By Consumers For Quality Care, on October 25, 2021
During Health Literacy Month, Consumers for Quality Care Urges Consumers to Beware of Changes in Health Care Coverage
Encourages Consumers to Study Open Enrollment Options in Light of COVID Coverage Changes, Surprise Billing, and Junk Plans
WASHINGTON – As Americans enter into Open Enrollment amid the ongoing coronavirus pandemic, Consumers for Quality Care (CQC) is working to educate consumers about changes to health care coverage they should be on the lookout for when shopping for a new plan.
CQC’s campaign for Health Literacy Month, which falls every year in October, highlights changes in COVID coverage by many health care plans, encourages consumers to remain vigilant as new surprise billing legislation goes into effect, and warns consumers about short-term limited duration insurance plans (STLDIs) – also known as junk plans – and their exclusion of pre-existing conditions. Key points consumers should keep in mind during this Open Enrollment period include:
- Changes to COVID Coverage. Many insurers are changing their COVID coverage options. While high deductibles, rising out-of-pocket costs and unpaid medical bills are plaguing health care consumers and nearly 20% of Americans report having medical debt in collections, nearly three quarters of the largest health plans across the country are no longer waiving cost-sharing for COVID-19 treatment.
- Telehealth has become a lifeline for many Americans during the pandemic, with 70% who have used telehealth services saying they are likely to continue using it after the pandemic ends, but insurers are making it harder to access this increasingly important service by rolling back telehealth coverage.

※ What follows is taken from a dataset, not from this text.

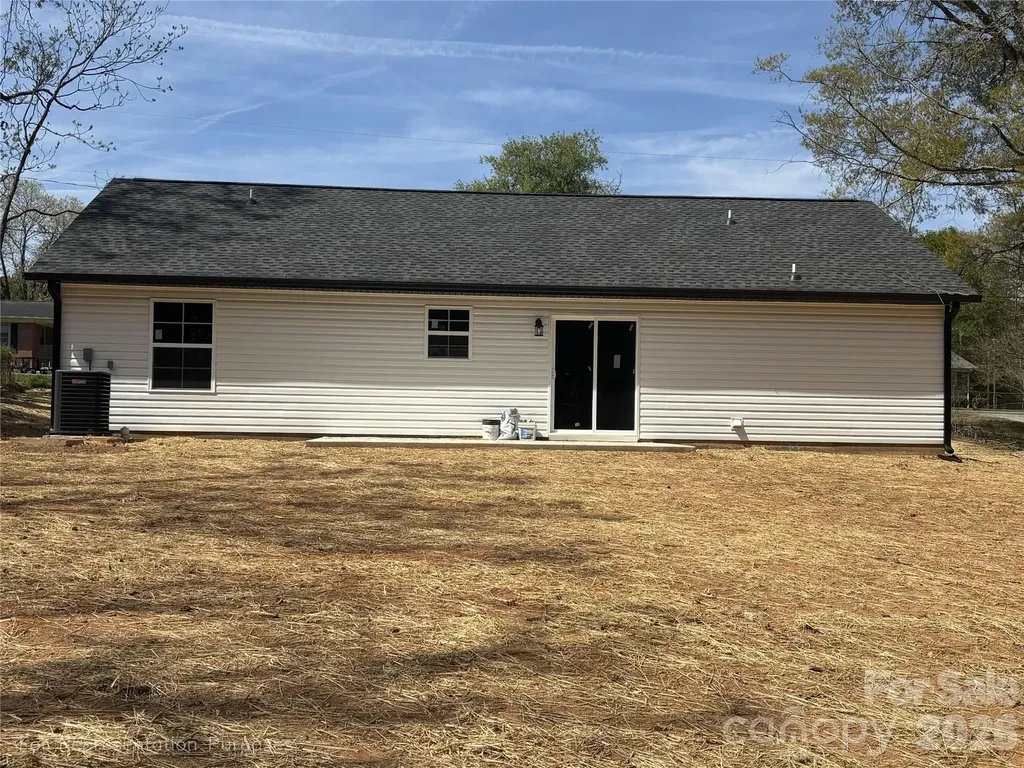 2251 Richland Avenue Gastonia NC 28052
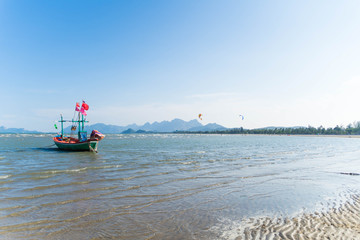 Obraz premium boat of fisherman on the sea beach with blue sky at sunny day.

- Implementation of Surprise Billing Legislation. Legislation passed in December 2020 aiming to protect Americans from surprise billing goes into effect in January 2022. Details of how this will be implemented are still in progress and CQC urges consumers to continue to check bills closely for charges for out-of-network providers at in-network facilities.
- Dangers of Junk Insurance Plans. Junk plans known as STLDI plans can exclude coverage for preexisting conditions, have dollar value limits on covered services, are not required to cover preventive services, and have a host of other substantial risks for consumers. With an estimated one-third of COVID survivors identified as having lasting effects from the virus, even more consumers choosing these junk plans could find themselves without insurance coverage when they most need it. As millions of Americans are searching for low-cost coverage options amid unprecedented income losses, these dangerous plans are becoming even more attractive.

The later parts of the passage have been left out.